Last night, I attended the annual MA DMF proposed commercial striped bass season regulation changes meeting in Plymouth. Here are the proposed changes as written:
1. Lower the daily possession limit through the following options: a. DMF proposal to drop from 30 fish to 20 fish per vessel; or b. Public petition to drop from 30 fish to 20 fish per vessel except on Sundays and the opening day of the season when the limit would be 10 fish; 2. DMF proposal to reduce the number of open fishing days per week (currently set at Sunday-Wednesday) from four to three; Comments will be accepted regarding which days of the week would be open; 3. DMF proposal to prohibit commercial striped bass fishing aboard vessels engaged in for-hire recreational fishing; 4. DMF proposal to allow dealers to sell during April through November striped bass legally caught and documented from out-of-state. Whole fish would have to conform to the Massachusetts 34” minimum size and bear an official tag designating state of origin. This proposal does not alter the existing rules governing imported striped bass during December through March. 5. DMF proposal to open the commercial fishery on July 10.
MA Marine Fisheries states that specific management goals for striped bass are:
Halt declining ex-vessel prices Conduct longer fishing seasons Create less market glut Allow unlimited entry into the fishery Maintain fishing opportunity for all participants.

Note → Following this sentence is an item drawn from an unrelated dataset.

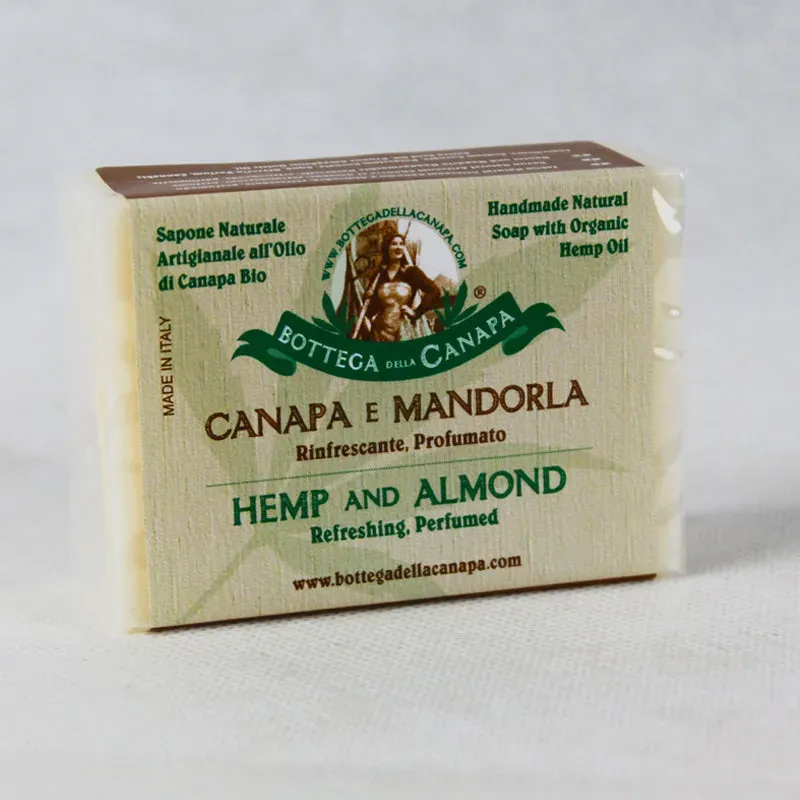 Bottega Canapa sapone naturale canapa mandorla 100g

Here lies the problem. The last 2 stated objectives contradict the first 3 ! It is impossible to allow unlimited entry into a fishery that has a finite quota of fish allowed to be caught and still maintain good prices and avoid market gluts and short seasons !
Every one of these proposed regulation changes DO NOT deal with the problems at hand, which are too many fishermen for the amount of fish to be caught. The individual proposals unfairly impact the more experienced fisherman over the many, many part time guys that rarely catch 20 or more. Sunday fishing is the biggest landings day and should be limited, in my opinion. Before limiting tax paying residant charter captains from selling fish, I think NON-RESIDENTS should be limited. ANYONE, even out of state residents can currently buy a MA COMMERCIAL bass license ! That is just plain wrong, as these other states would not and do not allow us to go there and fish commercially ! If the resident state has no reciprocal agreement with the other then the applicant should not be allowed into the MA fishery !
In federally managed fisheries there is either limited entry ( where you can buy an existing permit or boat permit combo) or a limit on the amount of fish an individual can catch based upon his previous years of catch history. MA could and should do that on the bass season as well. MA does have many and most other state fisheries as limited entry ! There is a precedent !
Massachusetts DMF has about one half of its budget obtained from the sales of fishing permits. (See the MA DMF website budget info.) Perhaps that is why they seek to continue to allow unlimited entry into the striper fishery ? With over 5000 bass permits sold (@ about $85 each) and only 1200 or so actually reporting sales of fish, if they were to restrict entry to only those that sell the fish, they stand to lose around 3000 permits or about $255,000 annually. So there we have it. Follow the money ! In actuality the DMF is allowing so many people into a fishery in return for license revenues that they cannot control the fishery. They are prostituting this fishery into a devalued state in return for the 250-300 K derived from license sales !
Note: Of the 1200-1300 or so anglers reporting sales of striped bass, about 1000 of them report sales of less than 500 pounds a year, and approximately 800 of them report less than 250 pounds annually ! Yet these folks catch over half of the annual quota.
The end result is real fishermen who have put in years of sea time and experience are forced out because they can't make enough return on investment to make it worthwhile. Meanwhile, part time anglers are selling a fish or two under the table, here and there, and because there are so many, the limited quota is caught in a very short time. If they don't make money its OK because they have the job back home that supports the family. Massachusetts tax revenues are lost via exagerrated write offs and unreported sales.
I tend to side with the full time guys on this issue because I think it is important to keep the value of the fishery. By that, I mean a traditional fisherman and professional needs to be able to make enough money to insure an interest in the fishery. If only those that seek it as a hobby and don't depend upon the income are the participants, then it would be quite easy to do away with the fishery altogether as there is no real need or interest or financial gain to participate. I know that there are those out there that do not support any commercial fishery and I may lose a charter or two over my beliefs. But if you were to fish with me we most likely would be having this conversation in person anyway.